For every record that follows, write out the text exactly and omit the picture, if one is present.

Supplied records ▸
****************************************

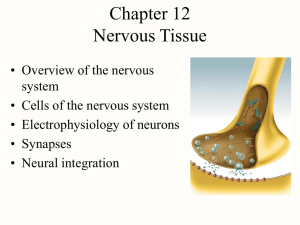 Lecture Outline ()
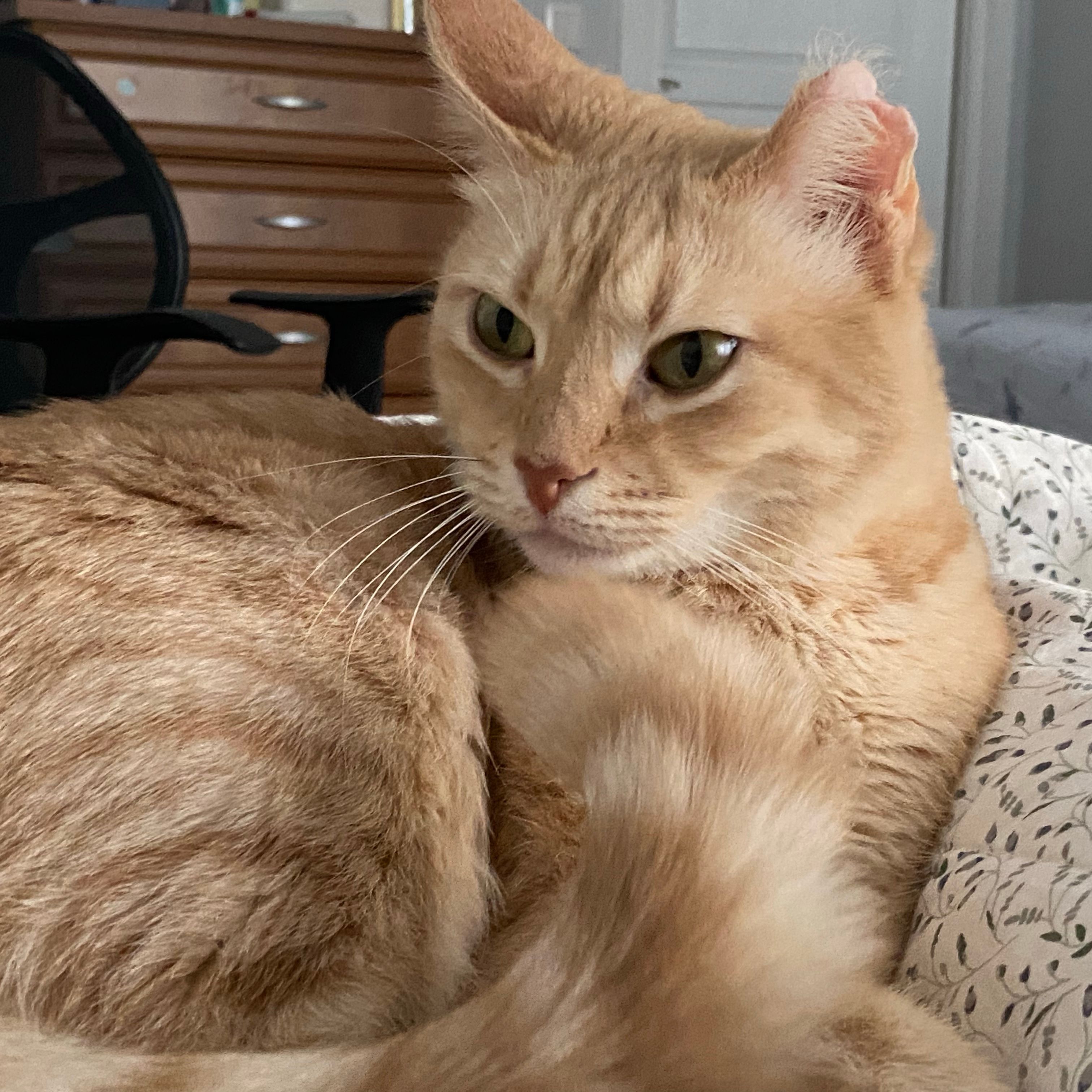 Hazel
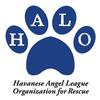 HALO Havanese Rescue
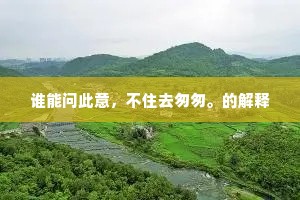 谁能问此意，不住去匆匆。的解释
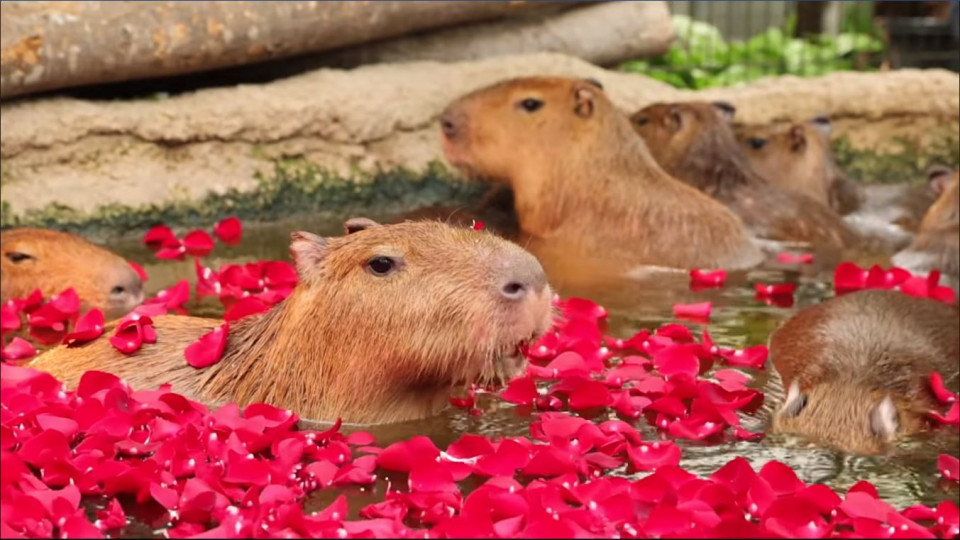 水豚玫瑰露天風呂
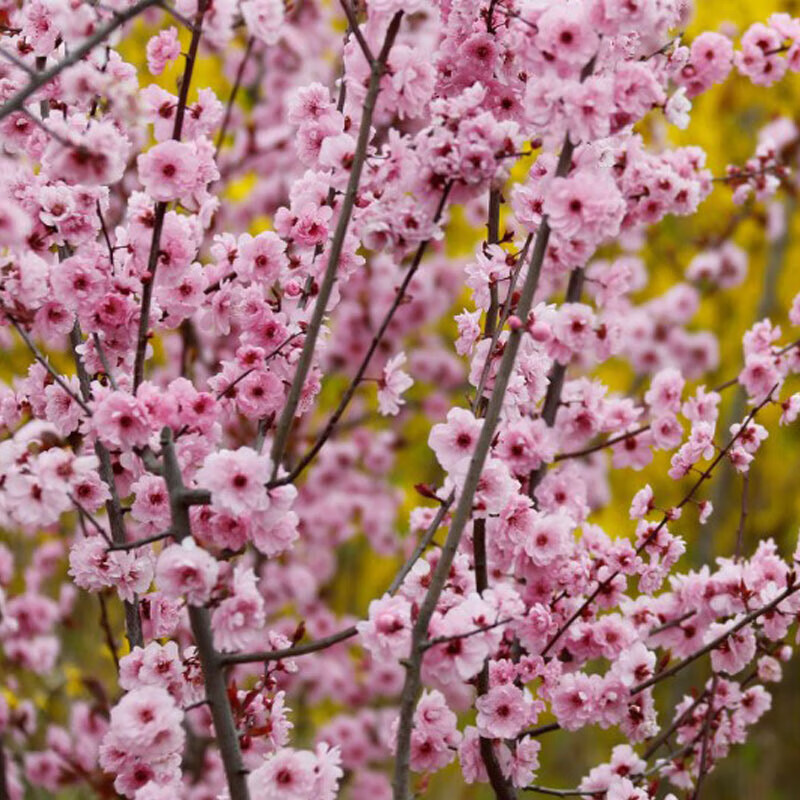 地栽红叶碧桃树苗室内外耐寒绿植树苗 如意美人梅2厘米粗一米高左右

****************************************

Result ▸
 Lecture Outline ()
 Hazel
 HALO Havanese Rescue
 谁能问此意，不住去匆匆。的解释
 水豚玫瑰露天風呂
 地栽红叶碧桃树苗室内外耐寒绿植树苗 如意美人梅2厘米粗一米高左右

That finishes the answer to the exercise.